(Exercise directions) Any picture in the data below gets skipped; print all the rest exactly.
START Information supplied
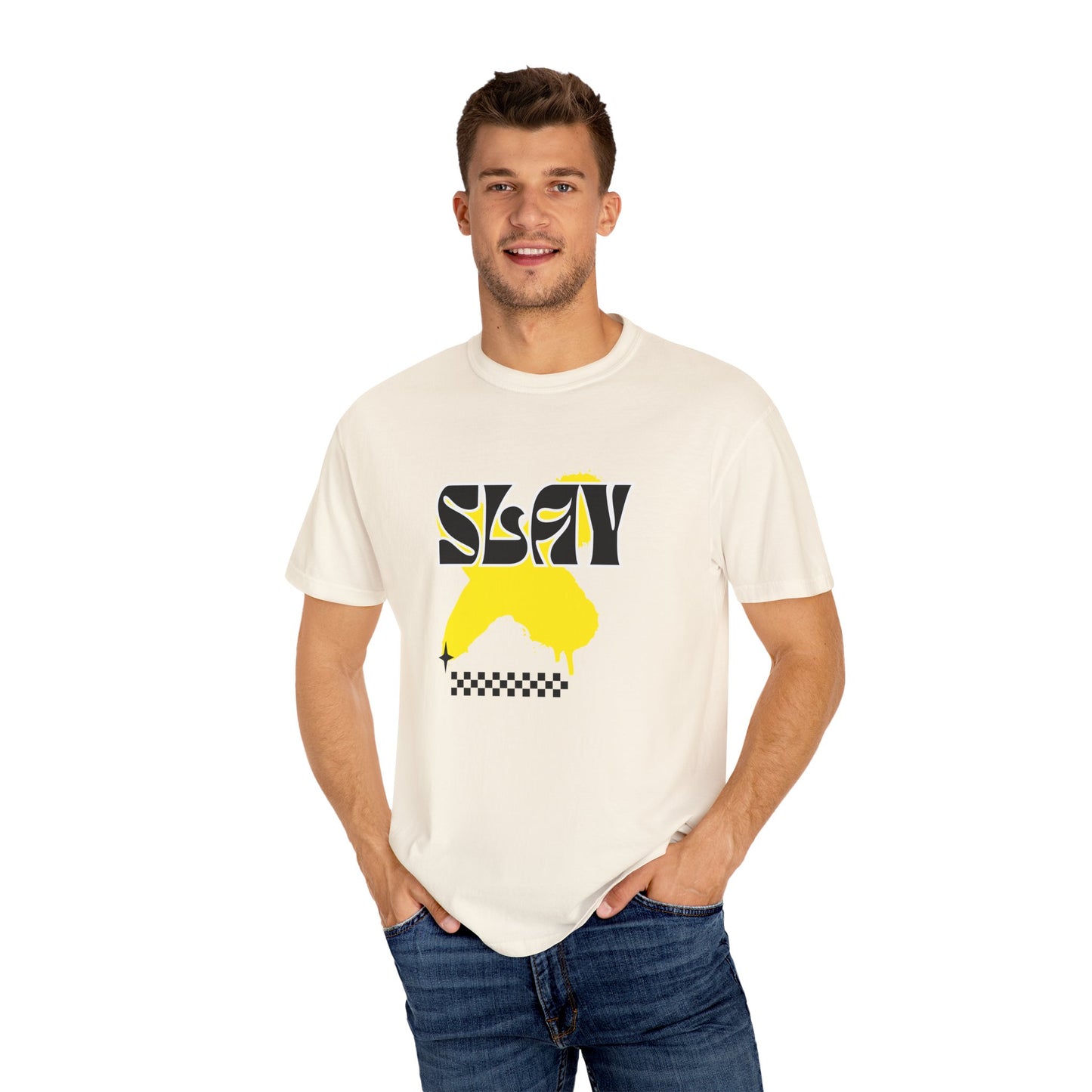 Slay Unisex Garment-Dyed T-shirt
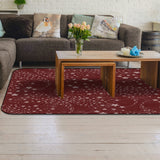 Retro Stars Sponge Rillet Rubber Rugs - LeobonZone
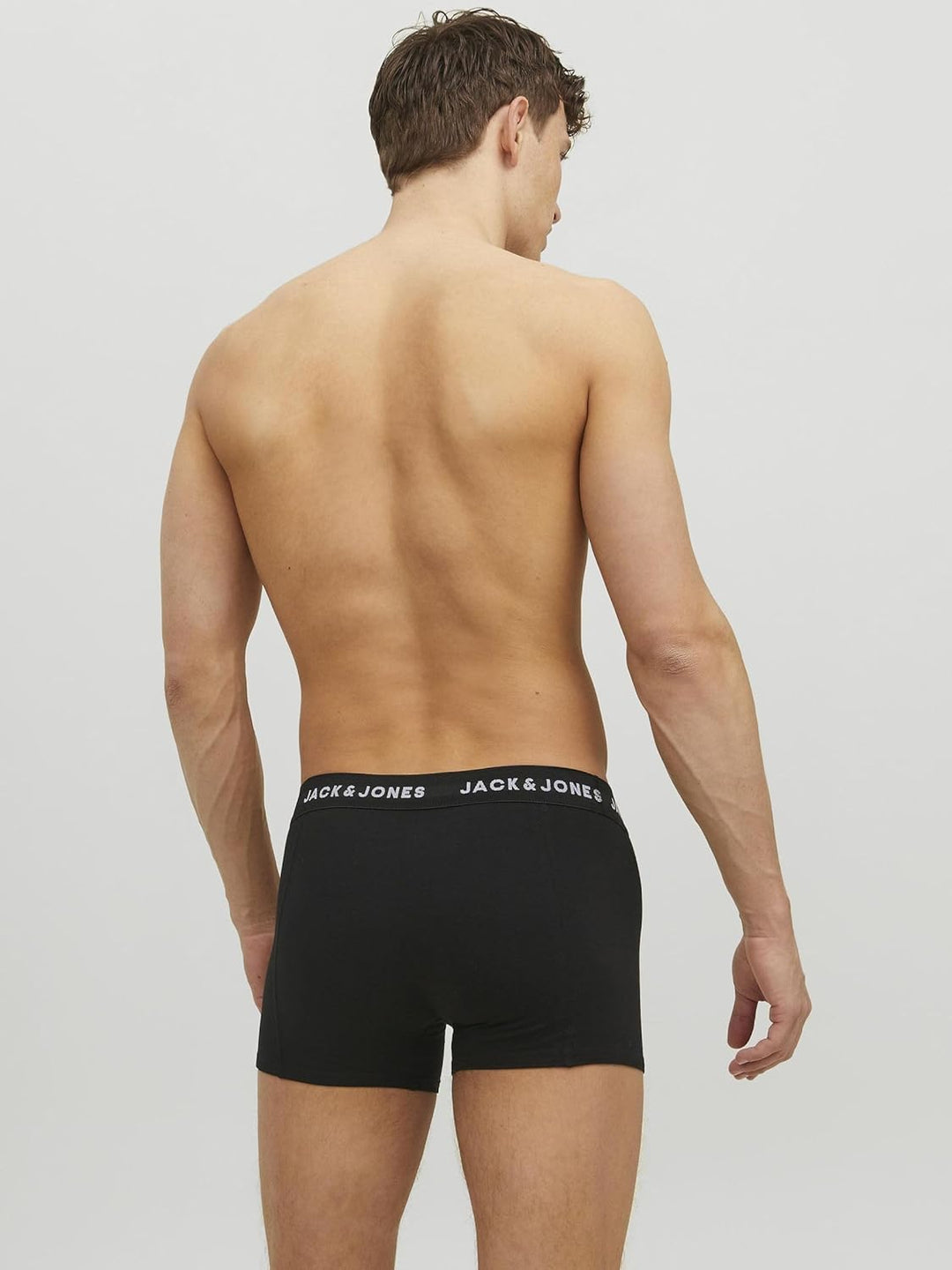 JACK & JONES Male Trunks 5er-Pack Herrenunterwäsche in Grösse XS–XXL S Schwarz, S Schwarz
END Information supplied
(Reply to the task)
 Slay Unisex Garment-Dyed T-shirt
 Retro Stars Sponge Rillet Rubber Rugs - LeobonZone
 JACK & JONES Male Trunks 5er-Pack Herrenunterwäsche in Grösse XS–XXL S Schwarz, S Schwarz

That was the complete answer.